How Do You Integrate the Lognormal Function to Find Its Mean?

[jacophile]

Hi, I am curious as to the strategy for integrating the lognormal function to calculate the mean.

The integral to be solved is:

\frac{1}{S\sqrt{2\pi}}\int_{0}^{\infty} \frac{e^{(lnx-M)^{2}}}{2S^{2}} dx

I was trying to do it by a substitution

y=lnx\;\rightarrow\;dy=\frac{1}{x}dx

x=e^{y}\;\rightarrow\;dx=e^{y}dy

to give

\frac{1}{S\sqrt{2\pi}}\int_{-\infty}^{\infty} \frac{e^{(y-M)^{2}}}{2S^{2}}e^{y} dy

and then integration by parts, but I keep going round in circles with vdu and what not…

Can anyone enlighten me on the trick to this?

 

[jacophile]

I made this a bit more readable, any ideas?

 

[mathman]

It looks like you have two errors in your statement. The 2S^2 probably belongs as a divisor in the exponent. Also there should be a minus in the exponent, otherwise the integrand will blow up at both ends.
In any case the exponent in y is a quadratic polynomial. Recast it in the form -[(y-k)^2]/[2S^2] +n, where k and n are constants. The final answer will be e^n.

 

[jacophile]

Hi, I am curious as to the strategy for integrating the lognormal function to calculate the mean.

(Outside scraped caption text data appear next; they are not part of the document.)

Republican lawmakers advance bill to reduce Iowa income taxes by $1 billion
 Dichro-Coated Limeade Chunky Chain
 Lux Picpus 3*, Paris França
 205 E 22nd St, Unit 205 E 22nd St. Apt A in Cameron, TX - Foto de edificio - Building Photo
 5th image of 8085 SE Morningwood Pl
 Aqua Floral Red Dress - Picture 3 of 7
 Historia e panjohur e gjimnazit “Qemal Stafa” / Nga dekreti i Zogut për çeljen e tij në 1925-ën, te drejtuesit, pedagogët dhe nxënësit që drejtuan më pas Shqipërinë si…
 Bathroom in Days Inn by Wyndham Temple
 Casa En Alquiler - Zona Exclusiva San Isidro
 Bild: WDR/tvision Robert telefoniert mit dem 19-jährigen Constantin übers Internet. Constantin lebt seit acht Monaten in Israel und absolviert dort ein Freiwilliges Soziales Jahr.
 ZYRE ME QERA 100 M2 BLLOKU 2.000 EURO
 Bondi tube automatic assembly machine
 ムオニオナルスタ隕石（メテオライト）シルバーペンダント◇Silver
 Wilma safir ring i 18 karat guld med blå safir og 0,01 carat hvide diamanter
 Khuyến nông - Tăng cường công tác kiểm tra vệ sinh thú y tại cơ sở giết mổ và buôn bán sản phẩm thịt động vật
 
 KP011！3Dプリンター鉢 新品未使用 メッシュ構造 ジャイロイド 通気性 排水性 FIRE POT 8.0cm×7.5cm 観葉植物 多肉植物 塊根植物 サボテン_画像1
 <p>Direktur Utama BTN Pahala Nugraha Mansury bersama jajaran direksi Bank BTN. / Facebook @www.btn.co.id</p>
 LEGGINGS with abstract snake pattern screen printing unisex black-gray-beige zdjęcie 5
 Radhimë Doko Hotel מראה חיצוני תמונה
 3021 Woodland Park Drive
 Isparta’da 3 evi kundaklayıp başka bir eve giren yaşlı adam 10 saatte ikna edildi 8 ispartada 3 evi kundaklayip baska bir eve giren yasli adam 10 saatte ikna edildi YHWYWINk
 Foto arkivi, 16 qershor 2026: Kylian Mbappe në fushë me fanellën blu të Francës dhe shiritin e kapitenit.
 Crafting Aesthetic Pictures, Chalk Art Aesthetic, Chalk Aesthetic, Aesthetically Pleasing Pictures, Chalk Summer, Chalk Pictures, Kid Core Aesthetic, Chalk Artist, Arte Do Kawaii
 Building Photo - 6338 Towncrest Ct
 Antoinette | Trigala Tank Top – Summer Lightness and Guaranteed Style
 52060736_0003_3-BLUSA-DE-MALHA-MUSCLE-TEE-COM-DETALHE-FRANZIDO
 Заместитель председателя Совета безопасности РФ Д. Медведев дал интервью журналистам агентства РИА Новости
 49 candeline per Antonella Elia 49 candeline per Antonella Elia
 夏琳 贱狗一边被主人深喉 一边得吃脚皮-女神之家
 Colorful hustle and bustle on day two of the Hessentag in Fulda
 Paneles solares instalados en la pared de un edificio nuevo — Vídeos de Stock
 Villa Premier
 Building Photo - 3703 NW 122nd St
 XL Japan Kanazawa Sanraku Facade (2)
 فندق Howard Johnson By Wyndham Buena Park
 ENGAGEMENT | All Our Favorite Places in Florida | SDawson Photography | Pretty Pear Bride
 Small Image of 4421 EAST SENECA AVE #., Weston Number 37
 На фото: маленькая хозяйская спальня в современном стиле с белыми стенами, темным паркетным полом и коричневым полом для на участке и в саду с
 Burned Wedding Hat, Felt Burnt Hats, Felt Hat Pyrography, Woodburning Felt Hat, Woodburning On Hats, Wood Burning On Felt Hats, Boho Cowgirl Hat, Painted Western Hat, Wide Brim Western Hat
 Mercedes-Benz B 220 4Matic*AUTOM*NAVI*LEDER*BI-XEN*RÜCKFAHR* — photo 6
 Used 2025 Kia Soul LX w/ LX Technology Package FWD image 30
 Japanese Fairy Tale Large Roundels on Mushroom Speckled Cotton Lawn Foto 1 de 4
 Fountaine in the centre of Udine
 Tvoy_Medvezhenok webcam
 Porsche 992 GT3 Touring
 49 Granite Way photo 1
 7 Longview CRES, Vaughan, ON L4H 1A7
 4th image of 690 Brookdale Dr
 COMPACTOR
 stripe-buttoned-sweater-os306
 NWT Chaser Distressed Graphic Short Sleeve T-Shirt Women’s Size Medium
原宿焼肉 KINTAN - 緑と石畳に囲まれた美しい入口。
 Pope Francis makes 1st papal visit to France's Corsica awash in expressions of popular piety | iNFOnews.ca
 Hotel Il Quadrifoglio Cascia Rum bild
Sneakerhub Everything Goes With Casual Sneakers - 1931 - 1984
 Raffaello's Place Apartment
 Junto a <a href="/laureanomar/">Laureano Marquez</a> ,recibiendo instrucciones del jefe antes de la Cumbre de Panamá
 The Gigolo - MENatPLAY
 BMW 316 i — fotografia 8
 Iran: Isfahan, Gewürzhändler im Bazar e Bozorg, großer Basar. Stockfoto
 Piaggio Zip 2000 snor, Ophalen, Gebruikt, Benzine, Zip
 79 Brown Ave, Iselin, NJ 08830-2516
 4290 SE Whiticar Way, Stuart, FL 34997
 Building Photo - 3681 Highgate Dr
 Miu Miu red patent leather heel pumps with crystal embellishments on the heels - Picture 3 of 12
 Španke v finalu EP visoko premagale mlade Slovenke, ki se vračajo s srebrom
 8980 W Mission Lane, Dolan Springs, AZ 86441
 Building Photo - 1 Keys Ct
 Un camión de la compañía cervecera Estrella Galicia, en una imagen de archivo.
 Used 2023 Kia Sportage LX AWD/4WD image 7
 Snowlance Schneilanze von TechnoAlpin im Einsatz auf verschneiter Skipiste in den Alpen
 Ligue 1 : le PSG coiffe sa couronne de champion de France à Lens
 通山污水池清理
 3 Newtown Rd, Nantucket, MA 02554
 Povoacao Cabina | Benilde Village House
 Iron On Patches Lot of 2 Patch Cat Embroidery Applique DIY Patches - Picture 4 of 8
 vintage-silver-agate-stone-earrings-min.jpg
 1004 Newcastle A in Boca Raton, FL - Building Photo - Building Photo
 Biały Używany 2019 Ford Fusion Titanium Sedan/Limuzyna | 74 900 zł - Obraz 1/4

The integral to be solved is:

\frac{1}{S\sqrt{2\pi}}\int_{0}^{\infty} e^{-\frac{(lnx-M)^{2}}{2S^{2}}}\; dx

I was trying to do it by a substitution

y=lnx\;\rightarrow\;dy=\frac{1}{x}dx

x=e^{y}\;\rightarrow\;dx=e^{y}dy

to give

\frac{1}{S\sqrt{2\pi}}\int_{-\infty}^{\infty} e^{-\frac{(y-M)^{2}}{2S^{2}}}e^{y}\; dy

and then integration by parts, but I keep going round in circles with vdu and what not…

Can anyone enlighten me on the trick to this?

Thanks, you are right, I have fixed the typos.
Not sure I understand your suggestion though...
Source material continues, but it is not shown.